The AMT1 arginine methyltransferase gene is important for plant infection and normal hyphal growth in Fusarium graminearum.

机构信息

College of Plant Protection, Northwest A&F University, Yangling, Shaanxi, China.

出版信息

PLoS One. 2012;7(5):e38324. doi: 10.1371/journal.pone.0038324. Epub 2012 May 31.

DOI:10.1371/journal.pone.0038324
PMID:22693618
原文链接:https://pmc.ncbi.nlm.nih.gov/articles/PMC3365026/
Abstract

Arginine methylation of non-histone proteins by protein arginine methyltransferase (PRMT) has been shown to be important for various biological processes from yeast to human. Although PRMT genes are well conserved in fungi, none of them have been functionally characterized in plant pathogenic ascomycetes. In this study, we identified and characterized all of the four predicted PRMT genes in Fusarium graminearum, the causal agent of Fusarium head blight of wheat and barley. Whereas deletion of the other three PRMT genes had no obvious phenotypes, the Δamt1 mutant had pleiotropic defects. AMT1 is a predicted type I PRMT gene that is orthologous to HMT1 in Saccharomyces cerevisiae. The Δamt1 mutant was slightly reduced in vegetative growth but normal in asexual and sexual reproduction. It had increased sensitivities to oxidative and membrane stresses. DON mycotoxin production and virulence on flowering wheat heads also were reduced in the Δamt1 mutant.

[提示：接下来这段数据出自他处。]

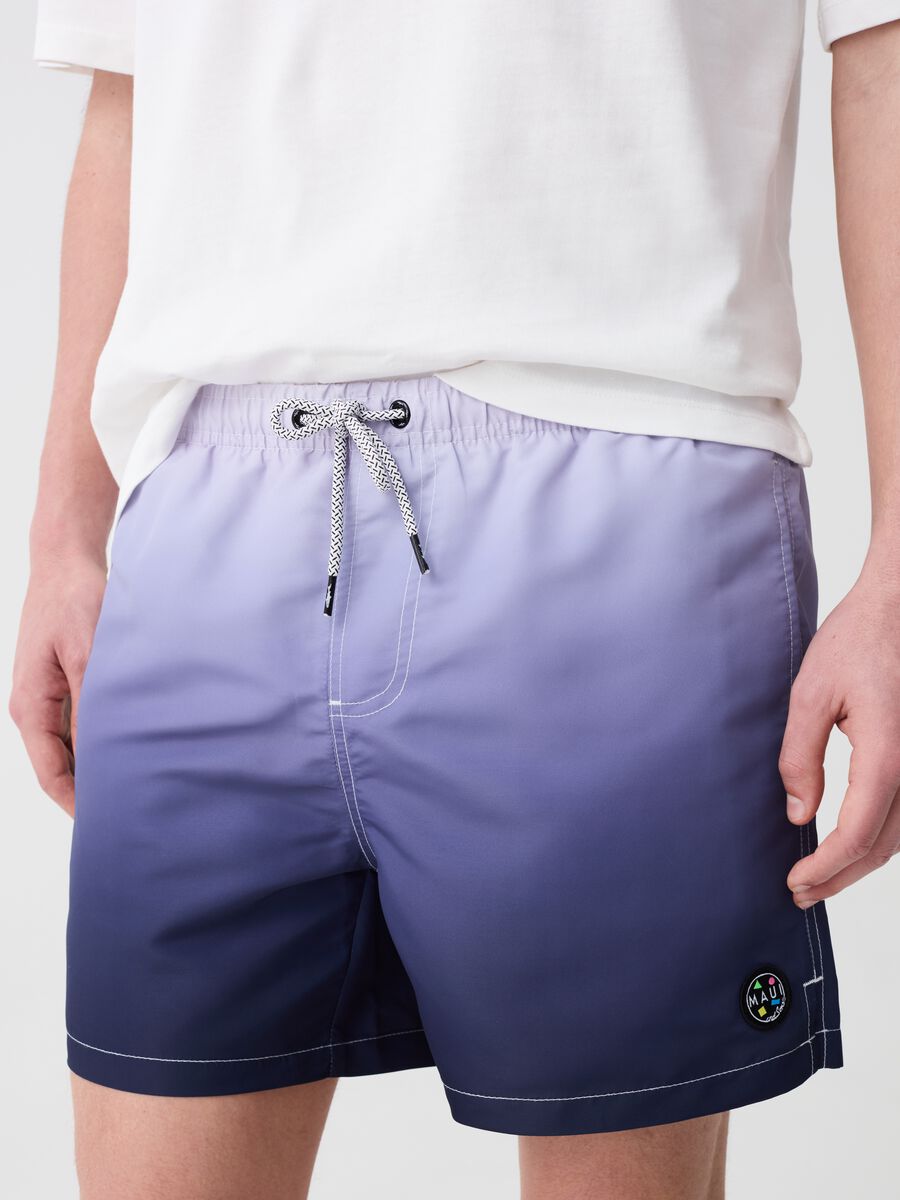 Degradé swimming trunks with logo patch_1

The introduction of the wild-type AMT1 allele fully complemented the defects of the Δamt1 mutant and Amt1-GFP fusion proteins mainly localized to the nucleus. Hrp1 and Nab2 are two hnRNPs in yeast that are methylated by Hmt1 for nuclear export. In F. graminearum, AMT1 is required for the nuclear export of FgHrp1 but not FgNab2, indicating that yeast and F. graminearum differ in the methylation and nucleo-cytoplasmic transport of hnRNP components. Because AMT2 also is a predicted type I PRMT with limited homology to yeast HMT1, we generated the Δamt1 Δamt2 double mutants. The Δamt1 single and Δamt1 Δamt2 double mutants had similar defects in all the phenotypes assayed, including reduced vegetative growth and virulence. Overall, data from this systematic analysis of PRMT genes suggest that AMT1, like its ortholog in yeast, is the predominant PRMT gene in F. graminearum and plays a role in hyphal growth, stress responses, and plant infection.

摘要

精氨酸甲基化的非组蛋白蛋白质的蛋白质精氨酸甲基转移酶(PRMT)已被证明是重要的各种生物过程从酵母到人。虽然 PRMT 基因在真菌中很好地保守,但在植物病原有丝分裂真菌中,没有一个基因被功能表征。在这项研究中,我们鉴定并表征了在小麦赤霉病和大麦赤霉病病原菌禾谷镰刀菌中所有四个预测的 PRMT 基因。虽然删除其他三个 PRMT 基因没有明显的表型,但Δamt1 突变体表现出多种缺陷。AMT1 是一个预测的 I 型 PRMT 基因,与酿酒酵母中的 HMT1 同源。Δamt1 突变体在营养生长中略有减少,但在无性和有性繁殖中正常。它对氧化和膜应激的敏感性增加。DON 真菌毒素的产生和在开花小麦穗上的毒力也在Δamt1 突变体中降低。野生型 AMT1 等位基因的引入完全弥补了Δamt1 突变体的缺陷,Amt1-GFP 融合蛋白主要定位于细胞核。Hrp1 和 Nab2 是酿酒酵母中的两个 hnRNPs,它们被 Hmt1 甲基化以进行核输出。在禾谷镰刀菌中,AMT1 是 FgHrp1 的核输出所必需的,但不是 FgNab2,这表明酵母和禾谷镰刀菌在 hnRNP 成分的甲基化和核质转运方面存在差异。因为 AMT2 也是一个预测的 I 型 PRMT,与酵母 HMT1 有有限的同源性,所以我们生成了Δamt1Δamt2 双突变体。在所有测定的表型中,Δamt1 单突变体和Δamt1Δamt2 双突变体的表型缺陷相似,包括营养生长和毒力降低。总的来说,对 PRMT 基因的系统分析数据表明,AMT1 与其在酵母中的同源物相似,是禾谷镰刀菌中的主要 PRMT 基因,在菌丝生长、应激反应和植物感染中发挥作用。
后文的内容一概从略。